Nothing but the lines below from the one containing "Hello from Colorado" through the one containing "To check SIM" should appear in the answer, exact and without pictures.

* [MATERIAL PROVIDED]:
◇ ◇ ◇ ◇ ◇

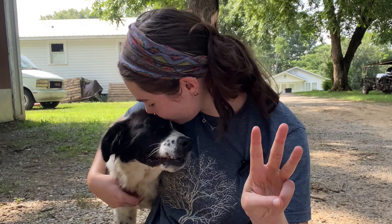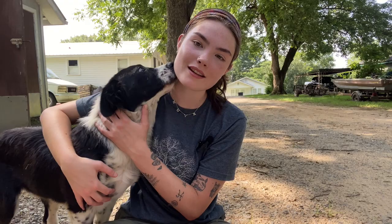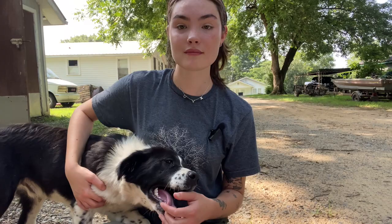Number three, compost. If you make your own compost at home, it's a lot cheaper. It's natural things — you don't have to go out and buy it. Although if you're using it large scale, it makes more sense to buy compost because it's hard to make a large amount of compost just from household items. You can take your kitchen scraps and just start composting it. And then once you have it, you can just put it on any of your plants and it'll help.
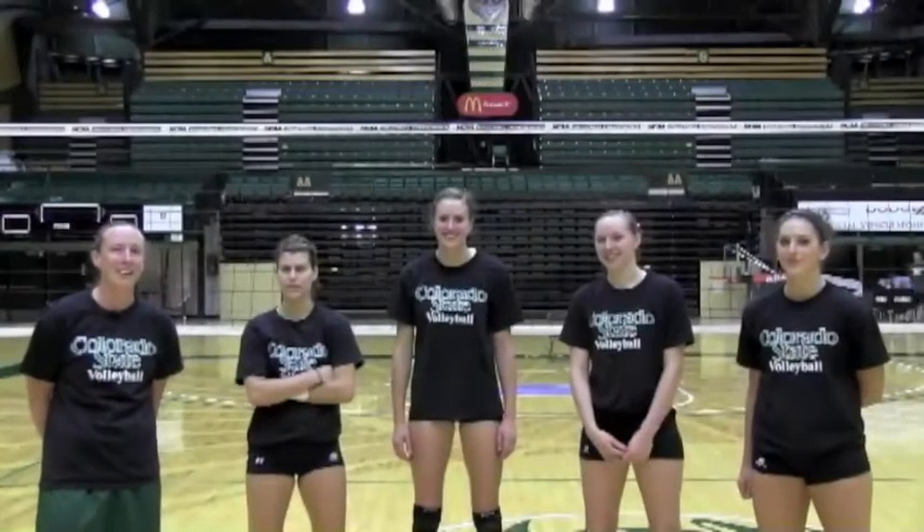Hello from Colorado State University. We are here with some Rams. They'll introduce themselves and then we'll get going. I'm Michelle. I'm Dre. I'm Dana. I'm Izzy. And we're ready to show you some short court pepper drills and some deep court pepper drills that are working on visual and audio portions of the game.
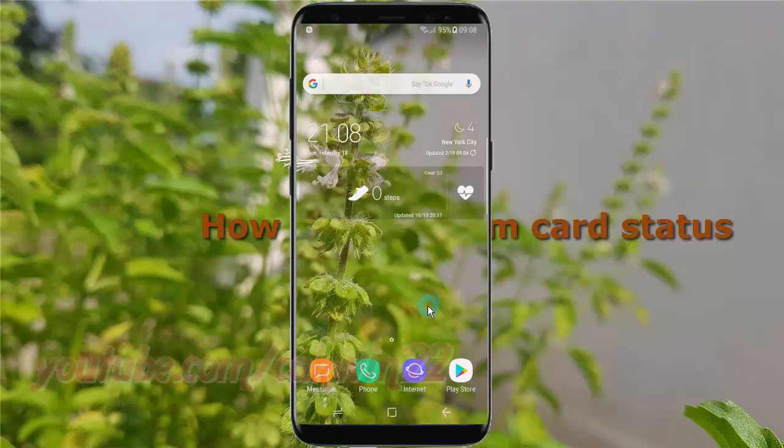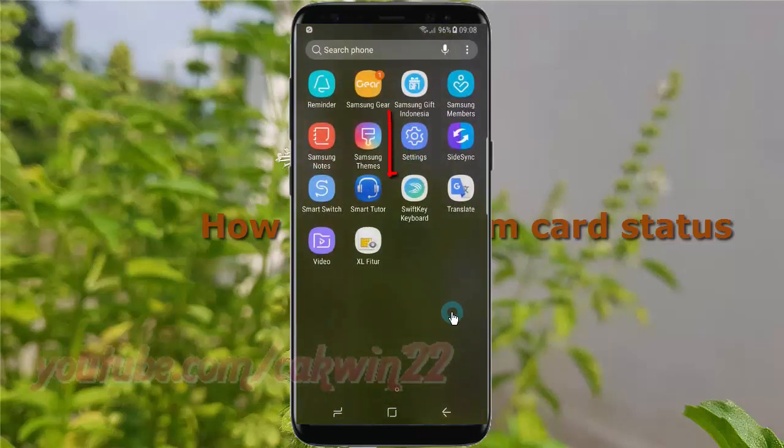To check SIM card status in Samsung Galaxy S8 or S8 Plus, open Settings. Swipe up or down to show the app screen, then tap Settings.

◇ ◇ ◇ ◇ ◇

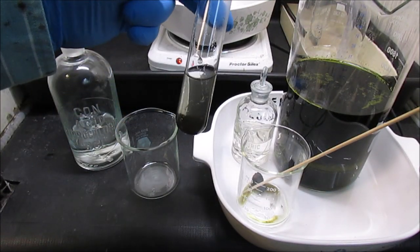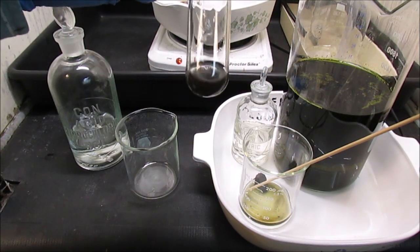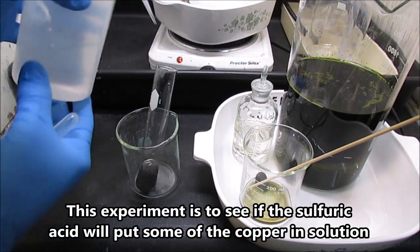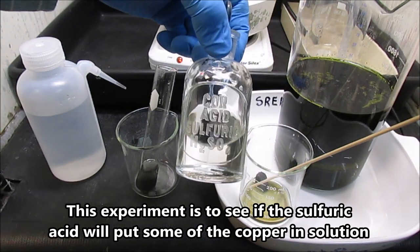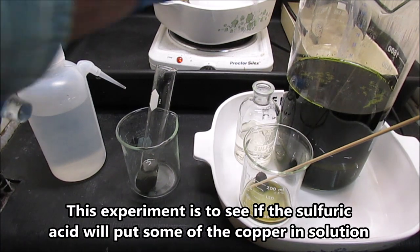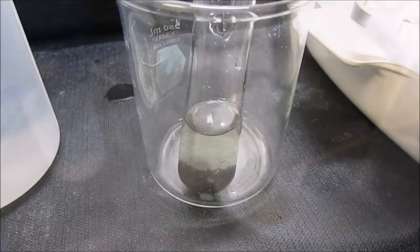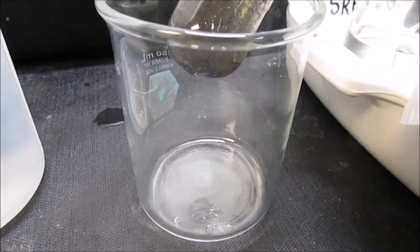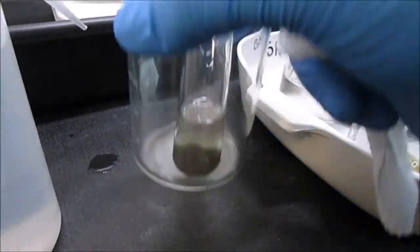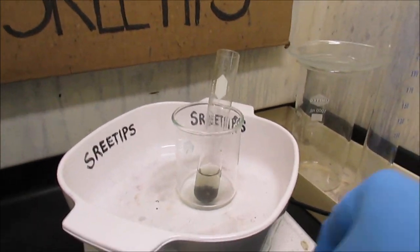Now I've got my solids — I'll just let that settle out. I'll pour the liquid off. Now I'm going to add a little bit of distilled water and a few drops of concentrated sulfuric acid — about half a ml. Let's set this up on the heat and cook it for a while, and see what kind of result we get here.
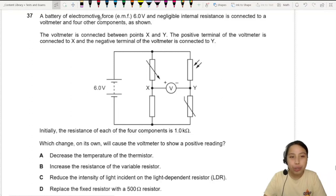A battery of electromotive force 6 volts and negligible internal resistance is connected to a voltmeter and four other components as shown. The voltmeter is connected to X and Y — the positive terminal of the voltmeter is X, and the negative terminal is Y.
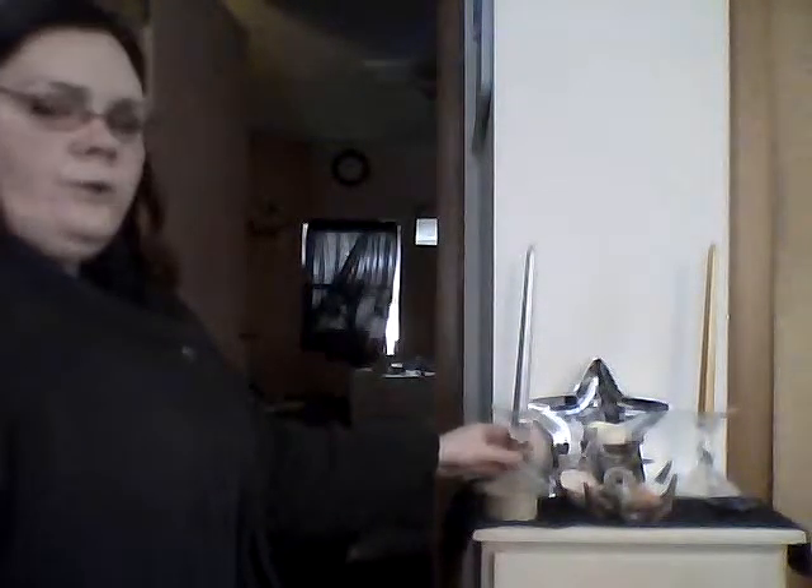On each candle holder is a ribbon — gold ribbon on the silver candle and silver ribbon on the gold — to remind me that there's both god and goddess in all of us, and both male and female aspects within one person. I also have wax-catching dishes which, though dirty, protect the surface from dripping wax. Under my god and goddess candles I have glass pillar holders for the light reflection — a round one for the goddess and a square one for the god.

◇ ◇ ◇ ◇ ◇

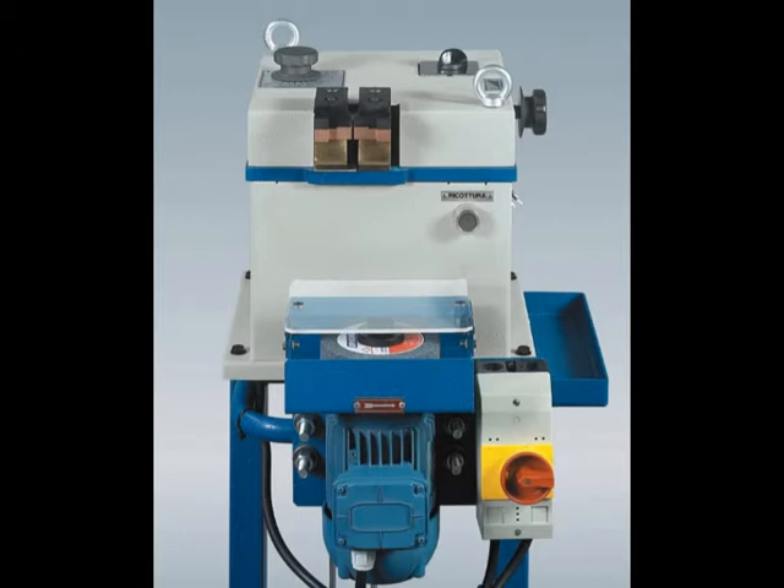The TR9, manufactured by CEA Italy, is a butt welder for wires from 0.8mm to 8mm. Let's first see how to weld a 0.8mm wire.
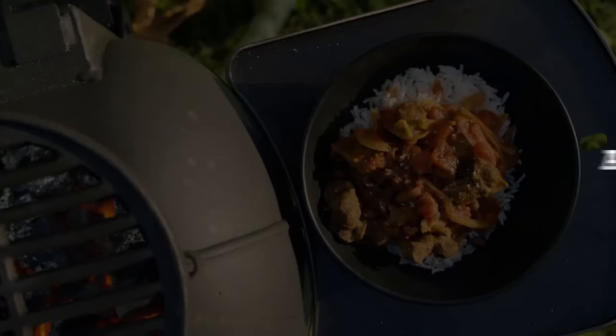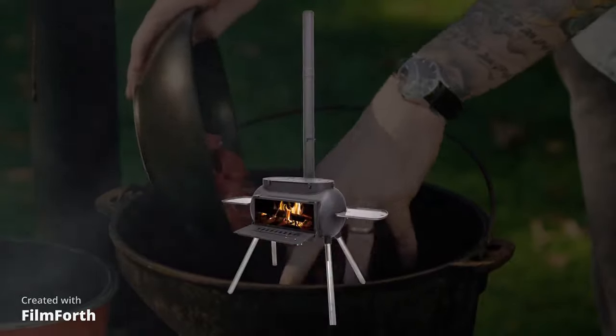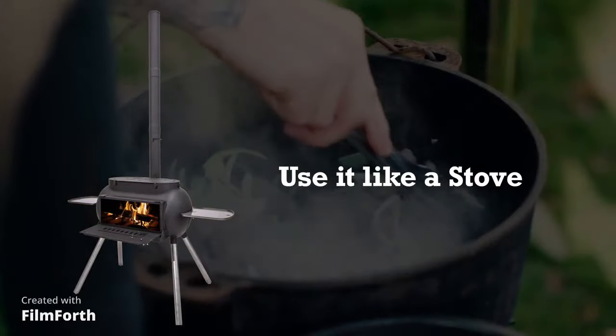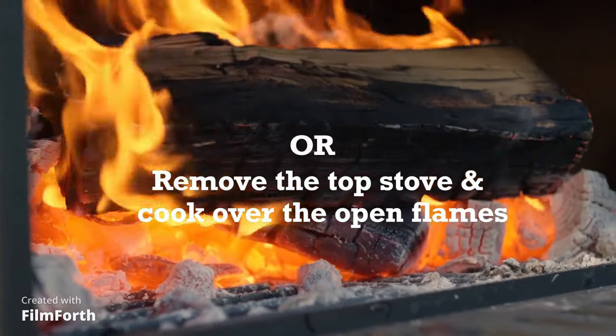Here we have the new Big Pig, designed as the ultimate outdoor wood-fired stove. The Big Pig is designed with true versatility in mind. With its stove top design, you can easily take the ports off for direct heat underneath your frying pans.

◇ ◇ ◇ ◇ ◇

* [SOLUTION]:
Hello from Colorado State University. We are here with some Rams. They'll introduce themselves and then we'll get going. I'm Michelle. I'm Dre. I'm Dana. I'm Izzy. And we're ready to show you some short court pepper drills and some deep court pepper drills that are working on visual and audio portions of the game.
To check SIM card status in Samsung Galaxy S8 or S8 Plus, open Settings. Swipe up or down to show the app screen, then tap Settings.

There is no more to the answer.